He compared fighting billionaire influence to American colonists “taking on the entire British empire, the most powerful force on Earth.”
“From the bottom of my heart, I am convinced that they can be beaten,” he said to a long standing ovation.
Sanders thanked his audience for an “unbelievable turnout” and encouraged Republican Rep. Bryan Steil, who represents Wisconsin’s 1st Congressional District, to hold a town hall meeting in the same arena at a later date.
Steil called Sanders’ appearance part of a “fear mongering tour” and, in a statement, said Wisconsinites want “secure borders, control of spending, and boys out of girls’ sports.”
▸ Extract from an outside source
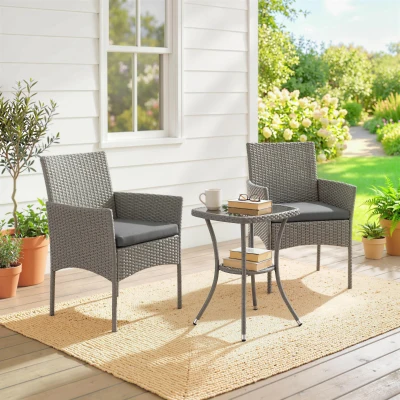 Outsunny 3 Piece Rattan Bistro Set Glass Table Dark Grey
Supporters and Sanders reflect on present moment
Ellen Dux and Julian Kudick drove from Milwaukee to see Sanders.
“He had the right way the whole time, and the Democrats kind of failed us in that regard,” Kudick said.
“He’s obviously doing (the tour) for the people. He’s not doing it for a position of power. He genuinely feels this way,” Dux said.
Rita and Joe Bomher came up to the rally from Chicago.
“Don’t let them divide us between religion, abortion, LGBT — that doesn’t matter,” Rita Bomher said. “Skin color doesn’t matter.”
“We just got to come together on these main issues and stop these guys from robbing us of this American Dream that we keep talking about that’s not working for anybody,” Joe Bomher said.

After the event, Sanders told WPR the rally’s 4,000-person turnout was “mind-boggling” and “very gratifying.”
He said his task is going to “marginal districts” like Wisconsin’s 1st district, arguing to people what’s “at stake,” and hoping constituents pressure their congresspeople to oppose the Trump administration’s actions.
Sanders headed to Altoona in Eau Claire County on Saturday and to Warren, Michigan later the same day. He spoke in Nebraska and Iowa as part of this tour last month.